The Russian president has alarmed the world by putting his arsenal on high alert.

Meanwhile, Russian media cited an unnamed source on Sunday as saying that Ukraine was close to building a plutonium-based “dirty bomb" nuclear weapon, although the source cited no evidence.

“This is a distraction from what the real issues are at hand, which is that it’s an illegal invasion and it is not going according to plan,” said Mr Raab.

He said that Ukrainian forces had “proved a far tougher prospect than Putin expected”. Economic sanctions had “put the squeeze on Putin” and therefore “what he’s now doing is responding with ever more brutal tactics”.

“I think we ought to be under no doubt that our mission with our allies is to ensure Putin fails in Ukraine, and it’s going to take some time." he said.

“We’re talking about months, if not years, and therefore we will have to show some strategic stamina because this is not going to be over in days.”

Urging international leaders to support Ukraine with “everything from military hardware through to cyber resilience”, Mr Raab ruled out a no-fly zone over Ukraine.

Admiral Sir Tony Radakin, the UK’s Chief of the Defence Staff, said such a measure “would not help”.

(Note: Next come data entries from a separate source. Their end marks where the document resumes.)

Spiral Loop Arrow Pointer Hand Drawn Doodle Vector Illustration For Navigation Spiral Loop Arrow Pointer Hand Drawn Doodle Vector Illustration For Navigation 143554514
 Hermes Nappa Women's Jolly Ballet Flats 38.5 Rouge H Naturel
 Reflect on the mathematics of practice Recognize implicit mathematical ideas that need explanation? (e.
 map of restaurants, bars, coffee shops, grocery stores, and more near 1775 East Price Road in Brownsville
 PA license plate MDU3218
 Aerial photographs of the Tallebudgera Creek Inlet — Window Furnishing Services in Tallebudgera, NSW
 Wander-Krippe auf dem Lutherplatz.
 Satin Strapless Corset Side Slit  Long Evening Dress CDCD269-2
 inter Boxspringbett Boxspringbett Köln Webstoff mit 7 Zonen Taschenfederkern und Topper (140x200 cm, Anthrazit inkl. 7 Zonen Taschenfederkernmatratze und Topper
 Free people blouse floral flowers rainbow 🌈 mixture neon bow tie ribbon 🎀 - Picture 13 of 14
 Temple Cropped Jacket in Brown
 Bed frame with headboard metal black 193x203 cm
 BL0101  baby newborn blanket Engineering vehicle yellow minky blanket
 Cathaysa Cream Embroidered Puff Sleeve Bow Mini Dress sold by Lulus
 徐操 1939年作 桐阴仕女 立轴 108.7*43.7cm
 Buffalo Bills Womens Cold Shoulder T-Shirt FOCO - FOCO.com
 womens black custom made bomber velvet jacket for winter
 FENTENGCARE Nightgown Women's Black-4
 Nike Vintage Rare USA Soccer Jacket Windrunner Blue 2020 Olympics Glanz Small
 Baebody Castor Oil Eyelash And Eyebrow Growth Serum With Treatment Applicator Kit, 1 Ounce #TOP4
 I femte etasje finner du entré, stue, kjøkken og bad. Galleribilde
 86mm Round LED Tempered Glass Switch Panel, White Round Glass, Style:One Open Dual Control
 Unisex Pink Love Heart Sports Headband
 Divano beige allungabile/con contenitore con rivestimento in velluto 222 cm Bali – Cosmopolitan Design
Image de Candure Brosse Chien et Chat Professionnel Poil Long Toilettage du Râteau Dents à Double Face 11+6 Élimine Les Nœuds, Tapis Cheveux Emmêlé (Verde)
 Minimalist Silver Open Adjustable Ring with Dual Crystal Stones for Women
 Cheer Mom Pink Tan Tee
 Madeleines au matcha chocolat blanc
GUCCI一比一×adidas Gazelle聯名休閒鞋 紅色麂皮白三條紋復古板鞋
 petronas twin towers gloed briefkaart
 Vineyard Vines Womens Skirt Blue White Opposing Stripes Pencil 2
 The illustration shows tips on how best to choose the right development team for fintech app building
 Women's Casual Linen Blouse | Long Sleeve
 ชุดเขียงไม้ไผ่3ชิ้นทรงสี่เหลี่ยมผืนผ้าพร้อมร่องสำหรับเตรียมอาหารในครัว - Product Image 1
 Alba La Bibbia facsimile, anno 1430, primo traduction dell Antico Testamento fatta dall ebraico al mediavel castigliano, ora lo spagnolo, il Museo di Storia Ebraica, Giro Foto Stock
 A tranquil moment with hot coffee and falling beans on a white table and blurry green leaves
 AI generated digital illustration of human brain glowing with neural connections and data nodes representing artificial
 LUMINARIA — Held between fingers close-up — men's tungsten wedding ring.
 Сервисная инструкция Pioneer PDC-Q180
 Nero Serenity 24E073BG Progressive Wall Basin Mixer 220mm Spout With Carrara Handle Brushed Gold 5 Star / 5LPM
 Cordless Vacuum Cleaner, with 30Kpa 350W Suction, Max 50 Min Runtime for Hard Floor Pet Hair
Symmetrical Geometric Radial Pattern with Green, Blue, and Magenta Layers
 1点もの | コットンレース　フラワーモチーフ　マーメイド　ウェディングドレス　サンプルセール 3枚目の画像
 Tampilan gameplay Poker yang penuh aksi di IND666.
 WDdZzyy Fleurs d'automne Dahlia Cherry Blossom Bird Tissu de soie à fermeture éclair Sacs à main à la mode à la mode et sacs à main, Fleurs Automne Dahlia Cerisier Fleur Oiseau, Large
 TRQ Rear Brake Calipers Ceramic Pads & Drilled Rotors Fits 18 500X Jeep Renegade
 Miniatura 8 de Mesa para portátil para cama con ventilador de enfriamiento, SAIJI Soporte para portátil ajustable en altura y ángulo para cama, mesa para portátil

He told the BBC’s Sunday Morning programme: “The advice that we as senior military professionals are giving our politicians is to avoid doing things that are tactically ineffective and definitely to avoid doing things that tactically might lead to miscalculation or escalation.

“The no-fly zone would not help.

“Most of the shelling is coming from artillery, most of the destruction is coming from artillery. It’s not coming from Russian aircraft.

“If we were to police a no-fly zone, it means that we probably have to take out Russian defence systems and we would have Nato aircraft in the air alongside Russian aircraft, and then the potential of shooting them down and then that leads to an escalation.”